A foreclosure will have a negative impact on your credit rating and have long reaching
impact into your future borrowing ability. Avoid foreclosure at all costs, even if it
means giving your home to the lender. Either way you lose your home, but with the second,
you maintain some credit worthiness.
Borrow money from friends and family to catch up on your mortgage payments. Only do this
if you intend to fully pay them back and believe that you will have the means to do so.
Agree to a realistic date for repayment of the personal loan.
Contact a housing counseling agency that has been approved by HUD. In general, these
agencies provide free counseling. Additionally, they might be able to offer government
services or programs that can help you out of this situation. In some locations, they
might be able to direct you to local community organizations that give assistance to
homeowners in need.
Contact your lender immediately and respond to any correspondence that you have received
from them. Explain your current financial situation, the immediate outlook of your
finances, and your need to rearrange your payment schedule. Bring supporting documents
with you when you speak to your lender. This will help to show your sincerity.
Lenders may often attempt to remedy the situation with a little creative financing rather
than go through the process of a foreclosure. After all, the lender simply wants to have
the loan repaid.
Possible remedies to the foreclosure
A mortgage modification happens when the lender changes the term of the loan by adding
additional months or years to the mortgage. In turn, this will lower the monthly payments
and prevent a foreclosure. Again, the borrower must be able to show evidence that he will
be able to meet the new payments.
A special forbearance is a process in which the lender arranges a repayment plan that
works within the borrowers current financial status. This might lead to a suspension
of the monthly payments for a short time or at least a reduction in the expected amount.
It is extremely important that financial documentation be provided that indicate the
viability of this plan through the homeowners ability to meet the new payment
schedule.
A partial claim involves a one-time offer from the FHA-insurance fund that allows a
one-time payment to get the homeowners mortgage current. The homeowner will need to
sign a promissory note in which a promise to repay the loan is made. A lien is placed upon
the home for this additional amount of money. Two conditions exist- the borrower must be
able to begin full mortgage payments and must have been at least 4 months delinquent in
payments but less than 12 months delinquent.
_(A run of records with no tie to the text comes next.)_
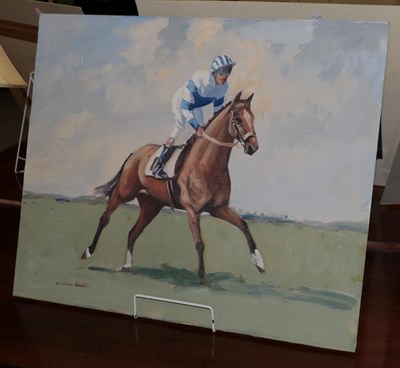 Lot 1081 - William Norman Gaunt FIAL NDD (1918-2001) Racehorse with jockey up Signed, oil on board, 50.5cm...
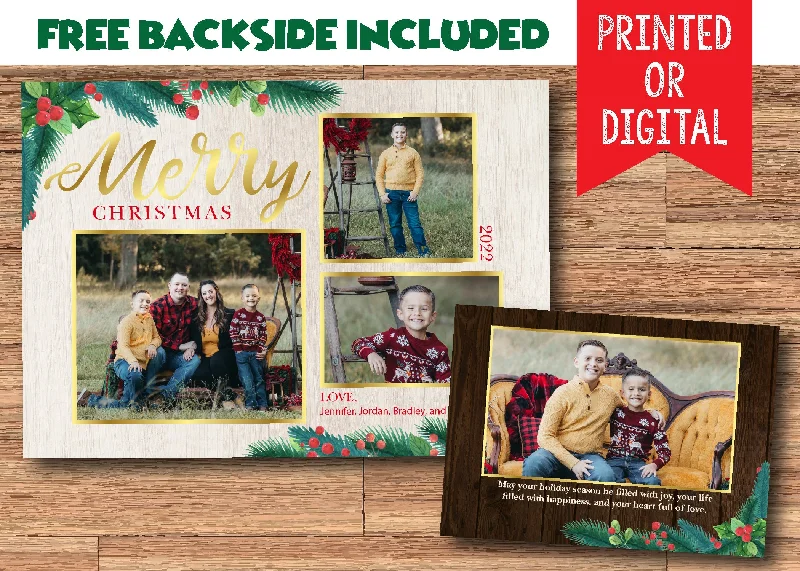 Christmas Festive Snowmen Beautiful Holiday Christmas Card Digital or Printed with Photos and FREE Backside!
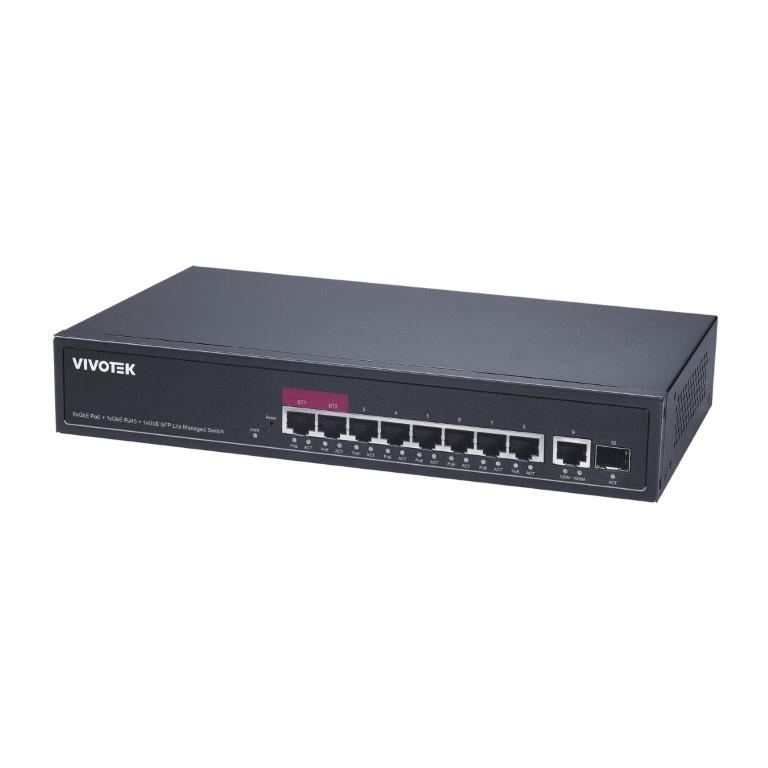 Vivotek 8-port GbE PoE Lite Managed Switch with 1x GbE and 1x SFP ports AW-GEL-105A-110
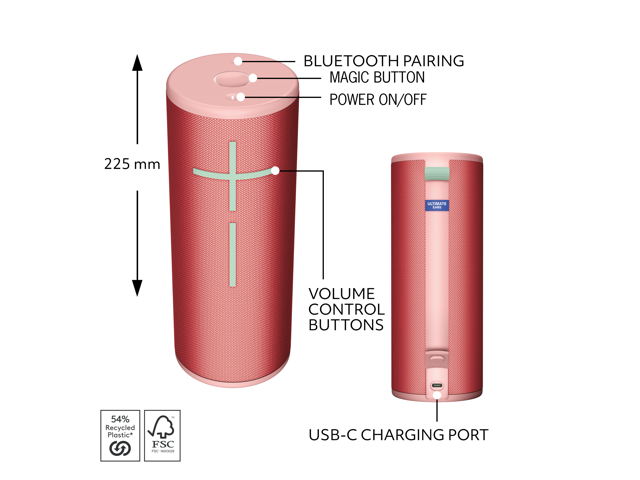 Ultimate Ears - MEGABOOM 4 Portable Wireless Bluetooth Speaker with Waterproof, Dustproof and Floatable design - Raspberry Red - image 5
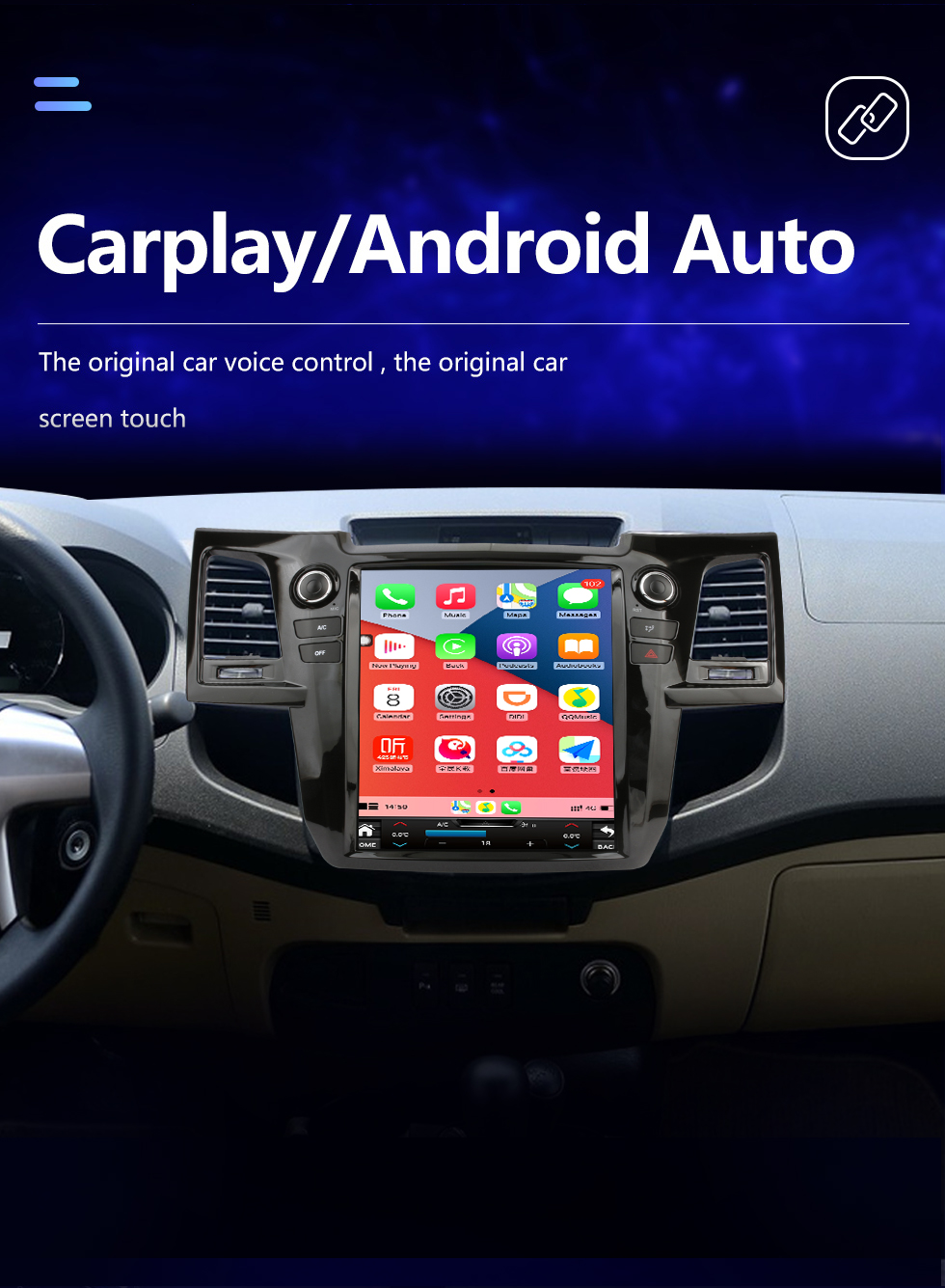 Seicane Carplay OEM 12,1-дюймовый Android 10.0 для 2004 2005 2006-2015 TOYOTA Fortuner Radio Android Автоматическая система GPS-навигации с сенсорным экраном HD Поддержка Bluetooth OBD2 DVR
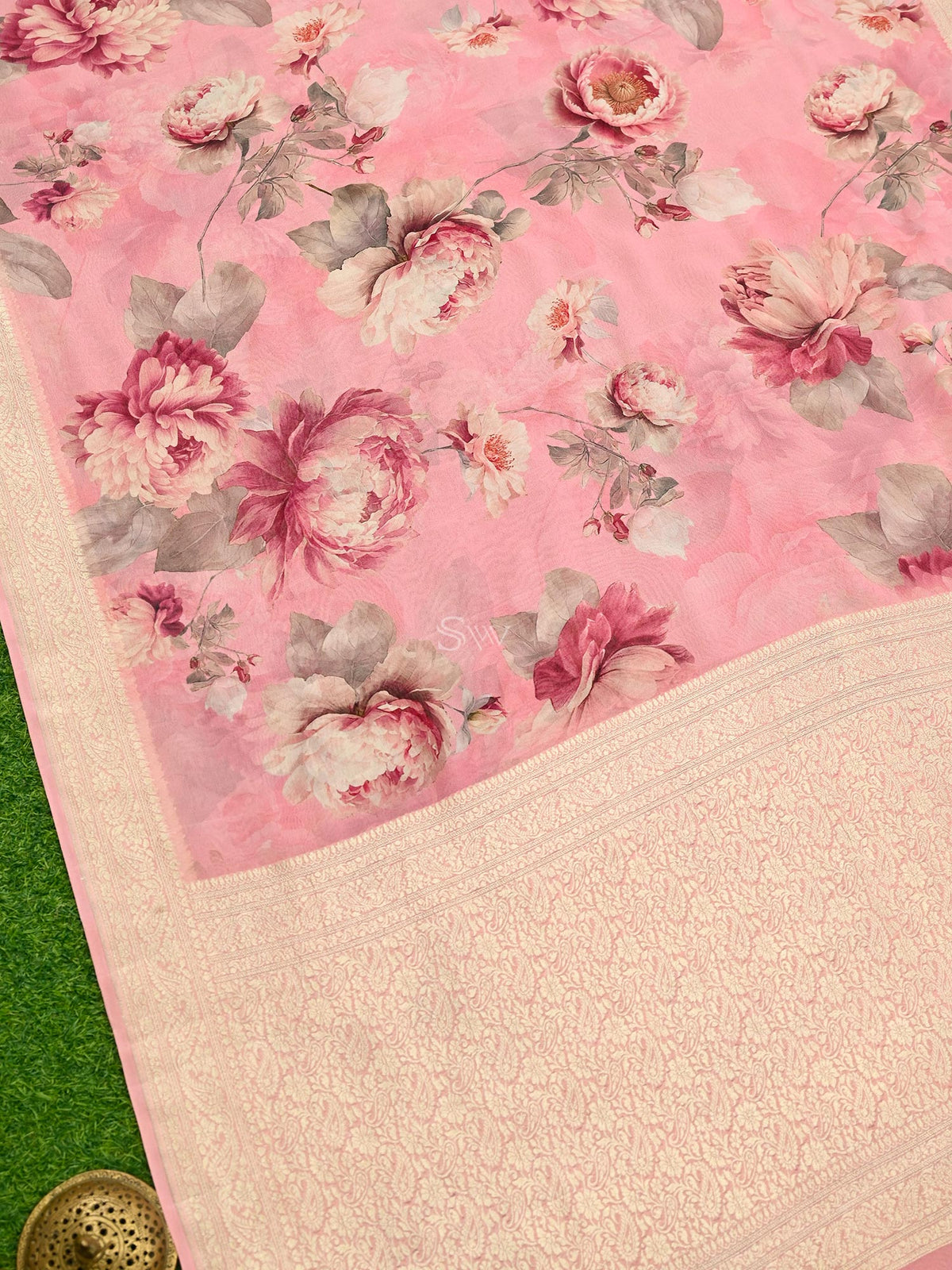 Pink Georgette Printed Banarasi Saree - Sacred Weaves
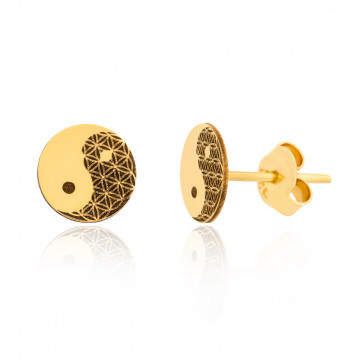 Cercei Yin si Yang Flower din AUR 14K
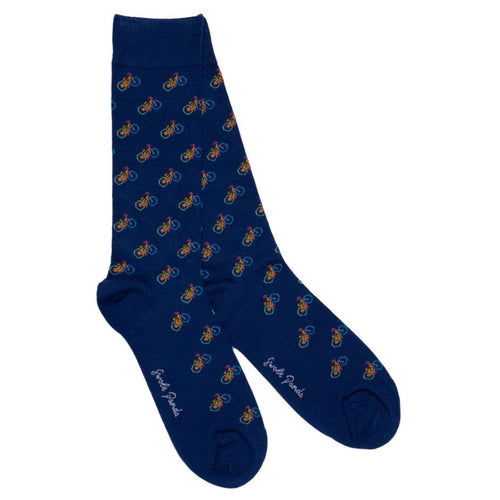 Swole Panda Blue Bicycle Bamboo Socks – Diabetic Friendly Comfort Cuff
A pre-foreclosure would allow the homeowner to sell the house for less than what is owed.
However, the sale is not listed as a foreclosure, so it does not hurt the homeowners
credit rating.
A deed-in-lieu of foreclosure requires the homeowner to give the home to the lender.
Although the homeowner loses the property, he maintains some of his credit rating. The
benefit will be realized later should the individual decide to apply for another loan.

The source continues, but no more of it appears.